* [WHAT TO WORK ON] Locate the line that contains "2024年读书破万卷，为何下笔小有神". Retype it and every line after it to the end of the records, exactly, but not the pictures.

* [DATA SECTION]
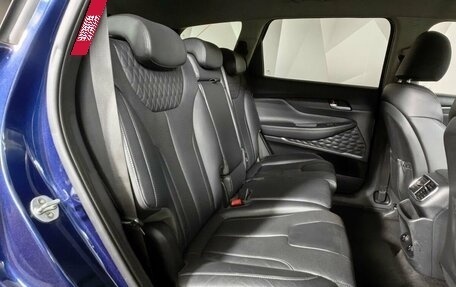 Hyundai Santa Fe IV, 2020 год, 2 397 000 рублей, 12 фотография
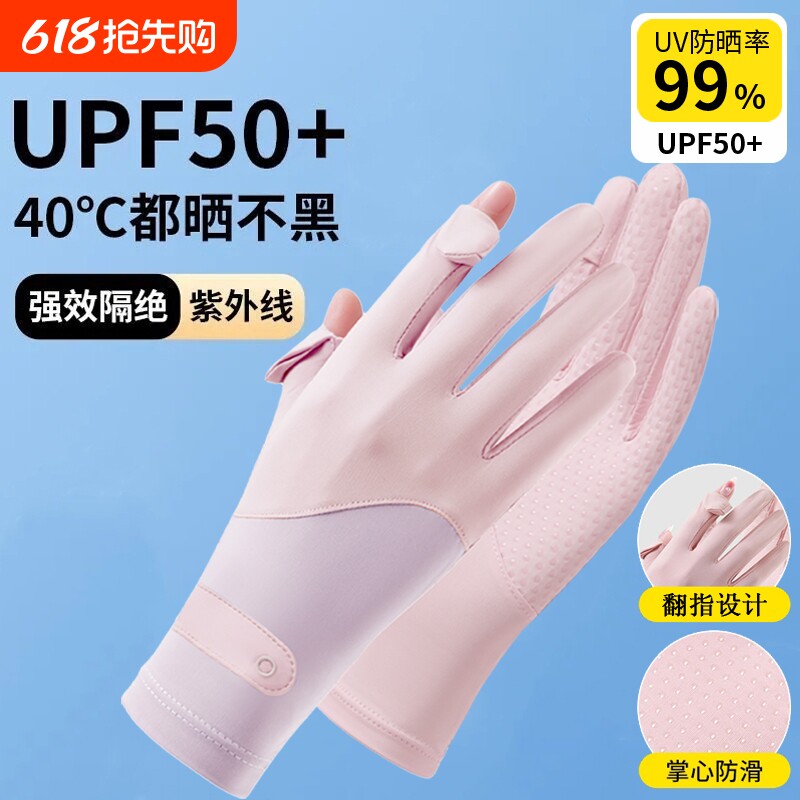 防紫外线防晒手套薄款女开车冰丝男防滑户外透气情侣夏季骑行轻薄
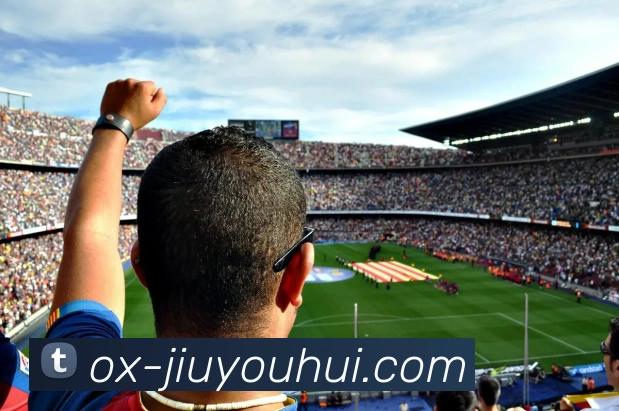 九游会J9官网平台生态图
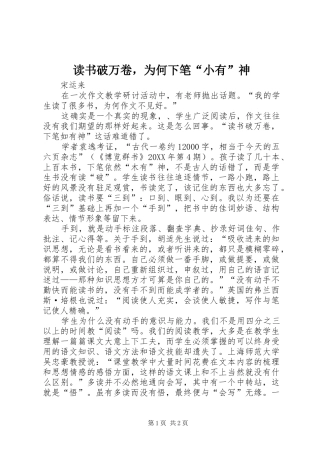 2024年读书破万卷，为何下笔小有神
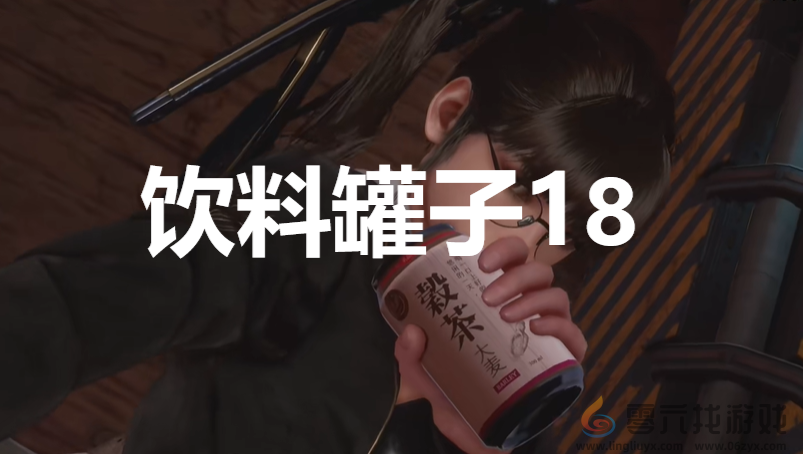 剑星stellarblade饮料罐子18位置攻略(图1)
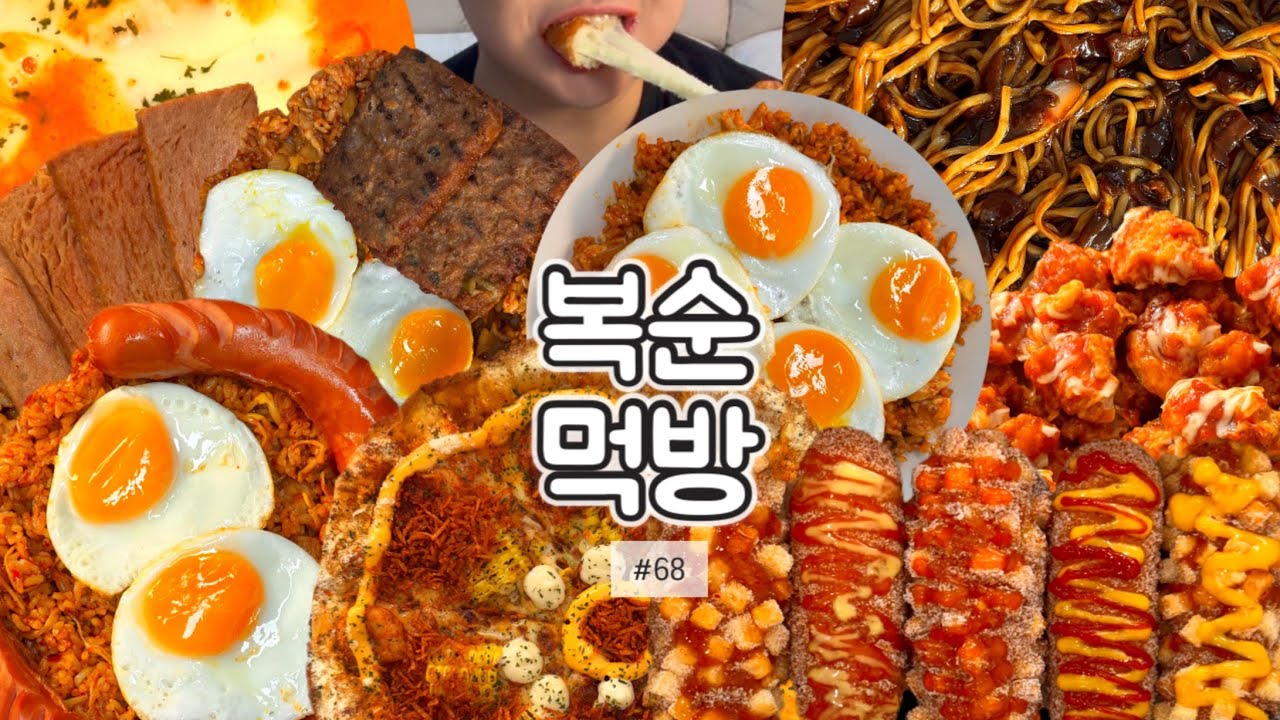 레전드 메뉴들 정신없이 폭풍흡입하기! | 뽁당볶음밥,명랑핫도그,럭키로제떡볶이,맘스터치,바삭옥수수통새우피자,짜장면,처갓집슈프림양념치킨,삼겹김치뽁밥,마라삼겹김치뽁밥,고구마통모짜핫도그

* [EXERCISE RESPONSE]
 2024年读书破万卷，为何下笔小有神
 剑星stellarblade饮料罐子18位置攻略(图1)
 레전드 메뉴들 정신없이 폭풍흡입하기! | 뽁당볶음밥,명랑핫도그,럭키로제떡볶이,맘스터치,바삭옥수수통새우피자,짜장면,처갓집슈프림양념치킨,삼겹김치뽁밥,마라삼겹김치뽁밥,고구마통모짜핫도그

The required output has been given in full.